Selangor Journal

BNM’s unchanged OPR to ensure sustainable economic growth — MIDF Research

KUALA LUMPUR, March 9 — MIDF Amanah Investment Bank Bhd Research (MIDF Research) believes the current focus of Bank Negara Malaysia’s (BNM) monetary policy setting is to ensure a sustainable growth momentum of Malaysia’s economy.

In its 2023 second Monetary Policy Committee (MPC) meeting today, BNM has retained the overnight policy rate (OPR) at 2.75 per cent, in line with market consensus.

Commenting on that, the research house opined that the central bank is taking a wait-and-see approach to assess the market performances after a 100 basis points (bps) increase made last year, whereby the OPR was raised to 2.75 per cent from a historical low of 1.75 per cent since July 7, 2020.

“However, we believe the possibility for further normalisation of monetary policy remains, given that domestic economic data is still showing upbeat momentum.
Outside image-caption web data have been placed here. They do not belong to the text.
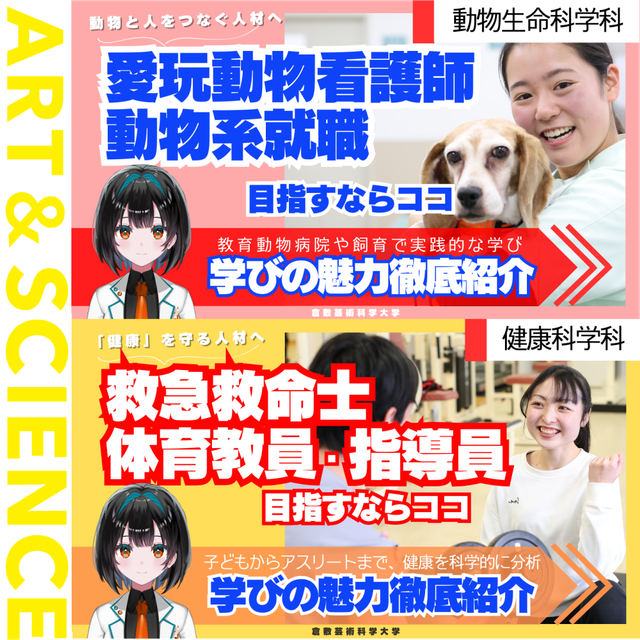 倉敷芸術科学大学 12/21～ 個別見学Week開催【生命科学部のみ】3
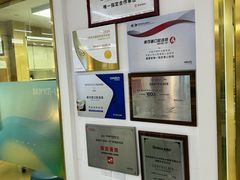 -美可普口腔医院(东街分店)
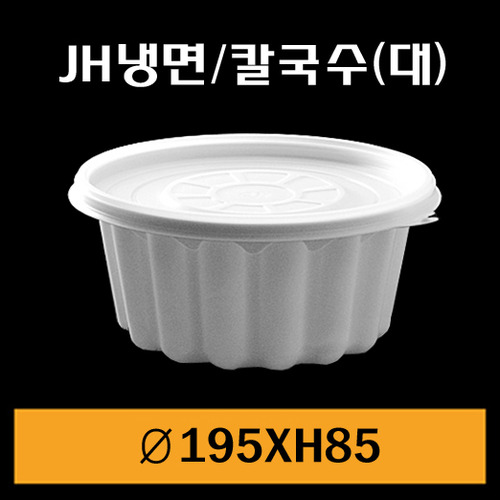 ★냉면용기/JH냉면용기(대)/1Box600개/셋트상품/낱개275원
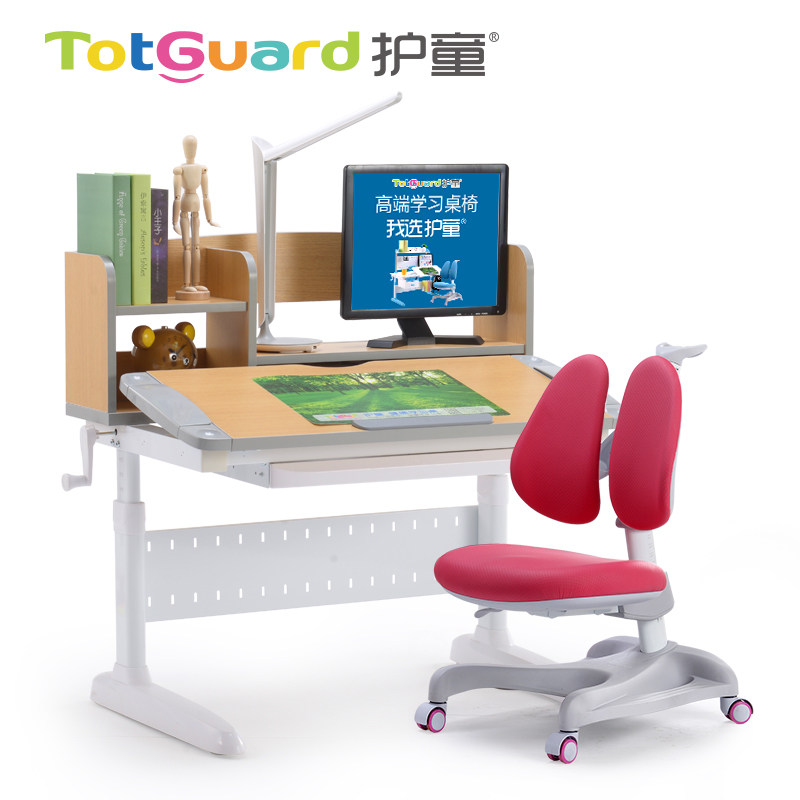 ��ͯѧϰ��HT-509SN+HTY-530/631/630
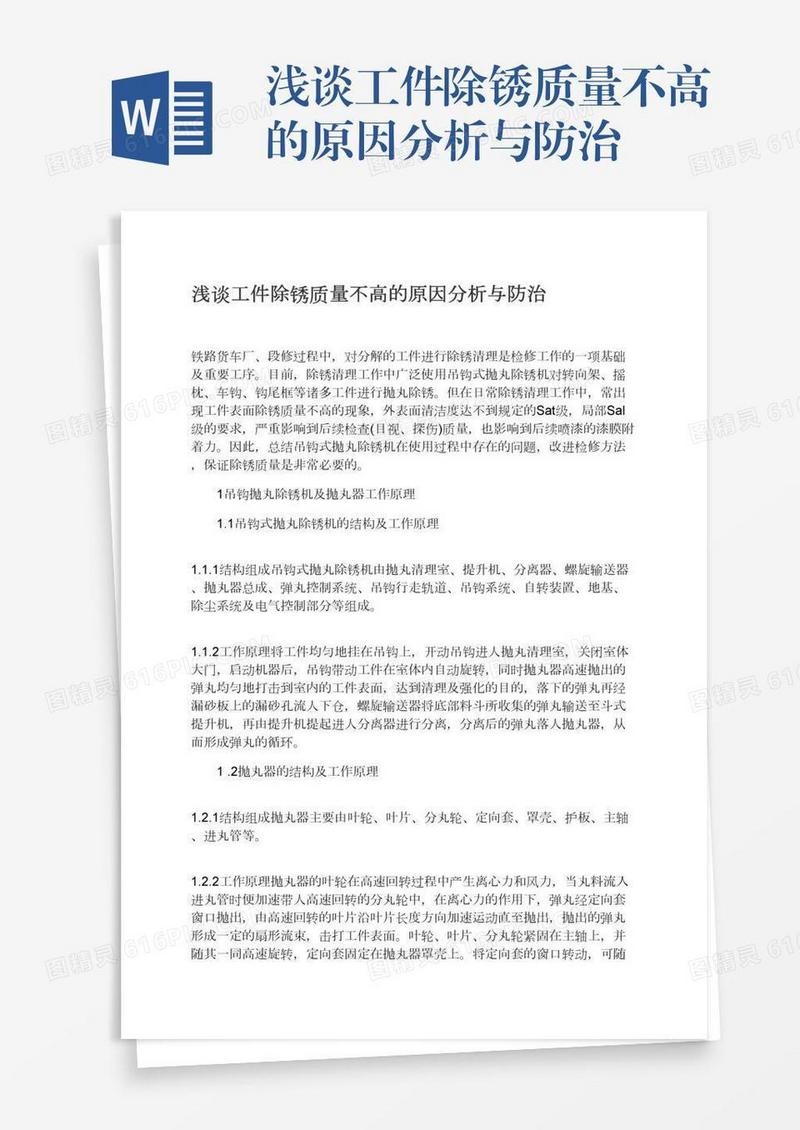 浅谈工件除锈质量不高的原因分析与防治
“With the rising core inflation trend and stronger-than-expected domestic demand, we expect the central bank to restore its monetary bullets to pre-pandemic levels of 3.00 per cent in the first half of 2023,” it said in a note today.

MIDF Research also opined that the central bank would normalise its Statutory Reserve Requirement (SRR) to 3.00 per cent this year after the SRR rate was reduced to 2.00 per cent since March 2020.

However, it said the decision would be subject to the stability of economic growth, the pace of price increases and further improvement in macroeconomic conditions, particularly a continued recovery in the labour market and growing domestic demand.

“From a medium-term perspective, the policy rate normalisation is needed to avert risks that could destabilise the future economic outlook, such as persistently high inflation and a further rise in household indebtedness,” it said.

On the ringgit performance, the research house foresees the local note to average higher at RM4.20 against the US dollar and end 2023 at RM4.00 despite higher-than-expected United State Federal Reserve interest rates in 2023.

“Fundamentally, the ringgit is in a good position as the domestic economy stays on an upbeat momentum, as Malaysia, being a net exporter of crude petroleum, liquefied natural gas (LNG) and palm oil, stands to benefit from the elevated global commodity prices.

“On top of that, the re-tabling of Budget 2023 provided a clearer fiscal direction of the country, especially under the new coalition government,” it said.